Octavio Ocampo (28 February 1943 - ) was born in Celaya, Guanajuato, Mexico. He grew up in a family of designers, and studied art from early childhood. At art school, Ocampo constructed papier mache figures for floats, altars, and ornaments that were used during carnival parades and other festivals. In high school, Ocampo painted murals for the Preparatory School and the City Hall of Celaya. Ruth Riviera, daughter of artist and muralist Diego Rivera, and Maria Luisa Mendoza encouraged him to attend the School of Painting and Sculpture of the National Fine Art Institute.

The talents of Octavio Ocampo are not limited to painting and sculpture, but also extended to acting and dancing. At the Art Institute of San Francisco, he studied all these disciplines and pursued both a film and theater career. In 1976, he began to devote himself solely to painting and sculpture. He now works primarily in the metamorphic style – using a technique of superimposing and juxtaposing realistic and figurative details within the images that he creates.

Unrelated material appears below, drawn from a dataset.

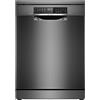 Bosch Lavastoviglie 14 coperti SERIE 6 SMS6ECC12E Black classe A (60x60x84,5cm)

"I am fascinated by the forces of Good and Evil and the Sun (male) and the Moon (female). I live in Tepoztlan, which is a mountainous region southwest of Mexico City, and is considered to be one of the most magical places on earth. Like the Bermuda triangle, there is a strange and unexplained, but extremely powerful, confluence of magnetic forces seemingly concentrated in the Tepozteco Mountain."